##### Data supplied #####

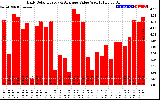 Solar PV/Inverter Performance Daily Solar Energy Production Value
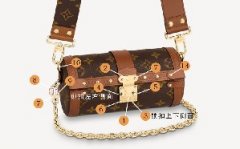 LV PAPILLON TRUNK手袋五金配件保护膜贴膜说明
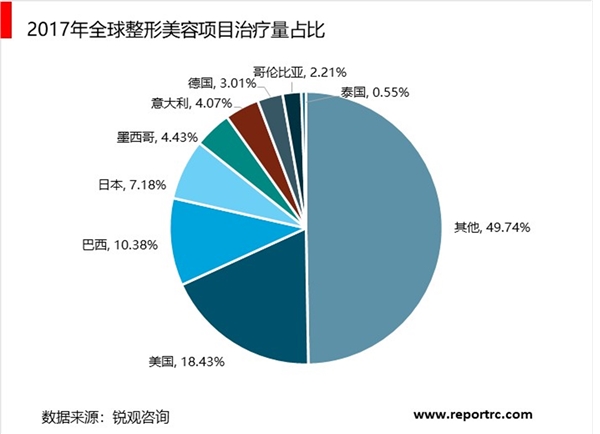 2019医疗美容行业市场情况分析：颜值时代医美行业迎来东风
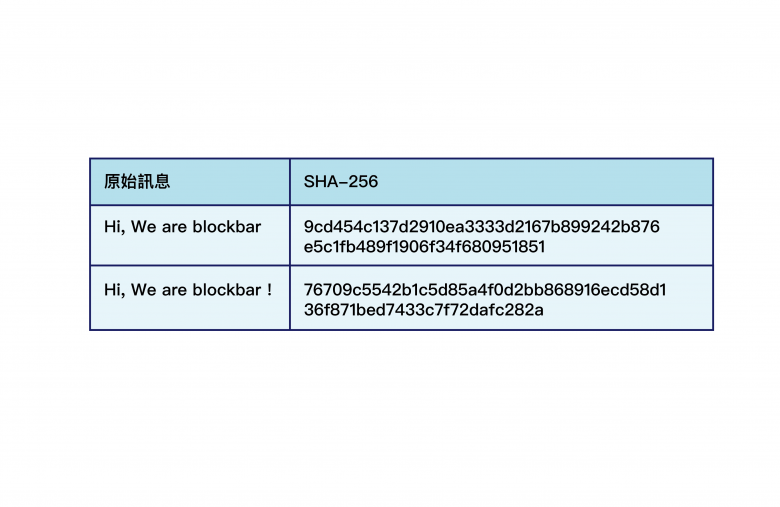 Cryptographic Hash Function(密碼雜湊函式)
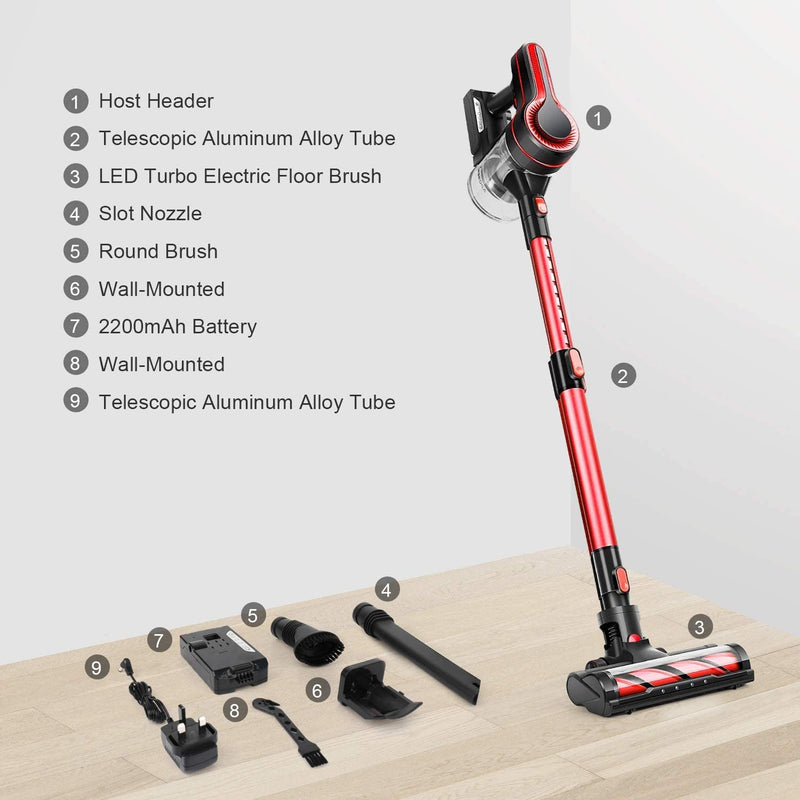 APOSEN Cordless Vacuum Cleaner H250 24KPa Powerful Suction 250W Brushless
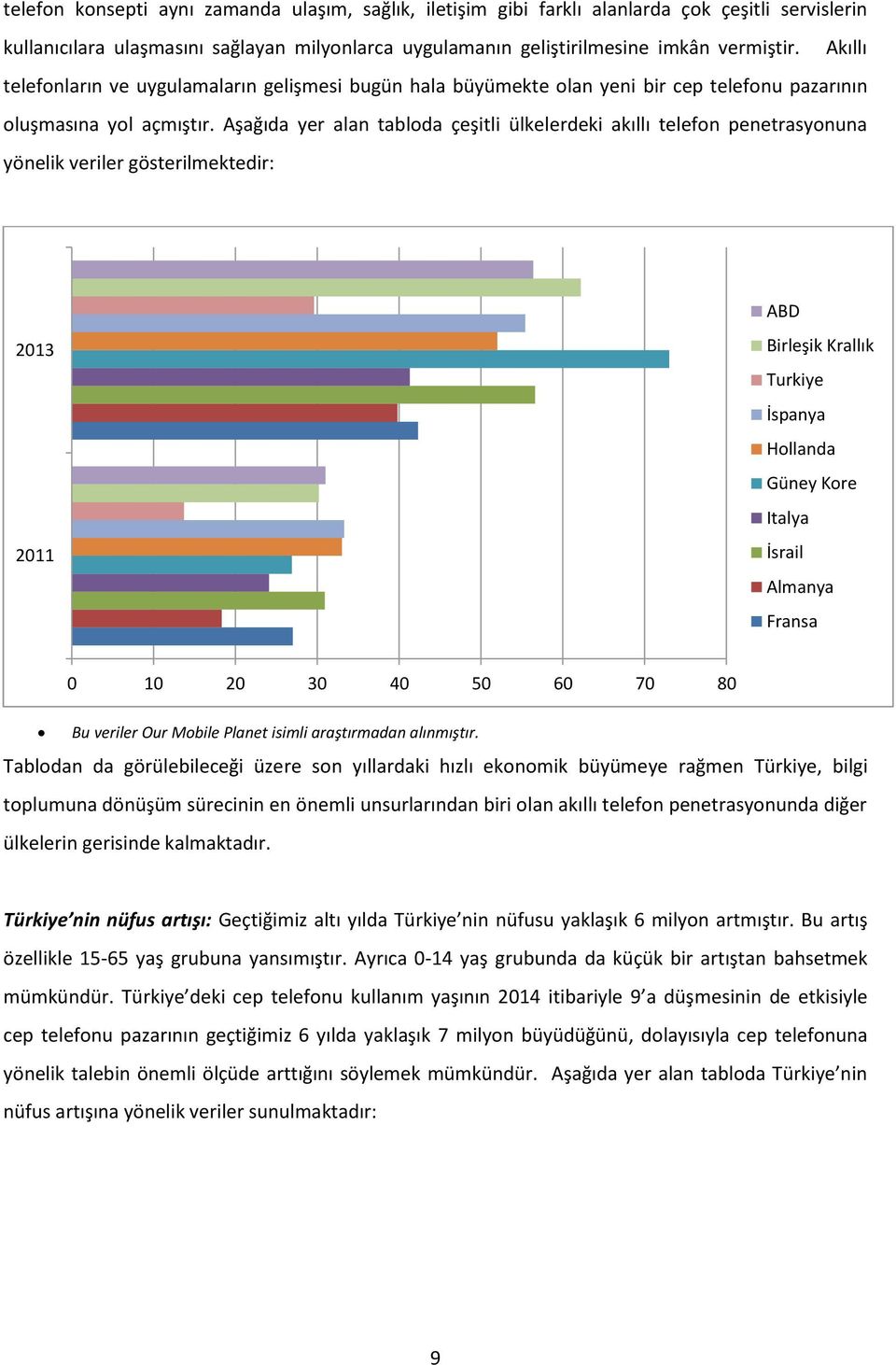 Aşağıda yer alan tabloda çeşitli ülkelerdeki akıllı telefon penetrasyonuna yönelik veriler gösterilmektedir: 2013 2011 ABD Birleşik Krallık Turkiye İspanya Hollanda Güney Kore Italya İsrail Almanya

#####
##### Data supplied #####

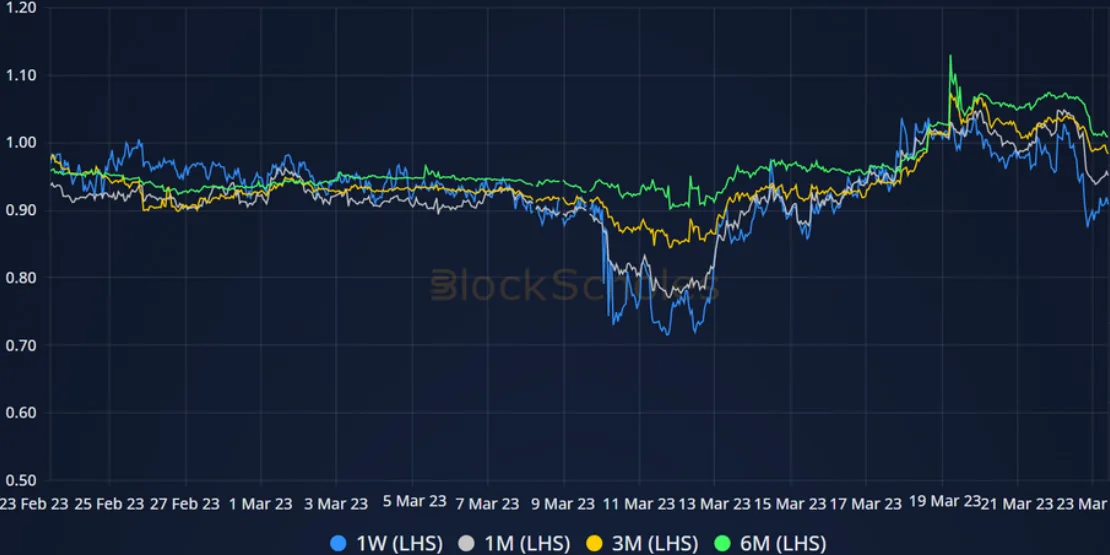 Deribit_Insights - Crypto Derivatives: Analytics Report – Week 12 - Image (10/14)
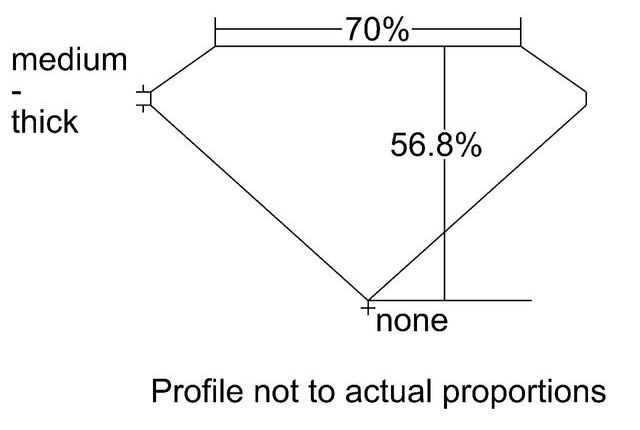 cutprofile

#####

▶ [What is being asked]: Reproduce exactly, with no pictures, the lines above from the one holding "Solar PV/Inverter Performance" to the one holding "APOSEN Cordless Vacuum", inclusive.

▶ [Answer to the problem]:
 Solar PV/Inverter Performance Daily Solar Energy Production Value
 LV PAPILLON TRUNK手袋五金配件保护膜贴膜说明
 2019医疗美容行业市场情况分析：颜值时代医美行业迎来东风
 Cryptographic Hash Function(密碼雜湊函式)
 APOSEN Cordless Vacuum Cleaner H250 24KPa Powerful Suction 250W Brushless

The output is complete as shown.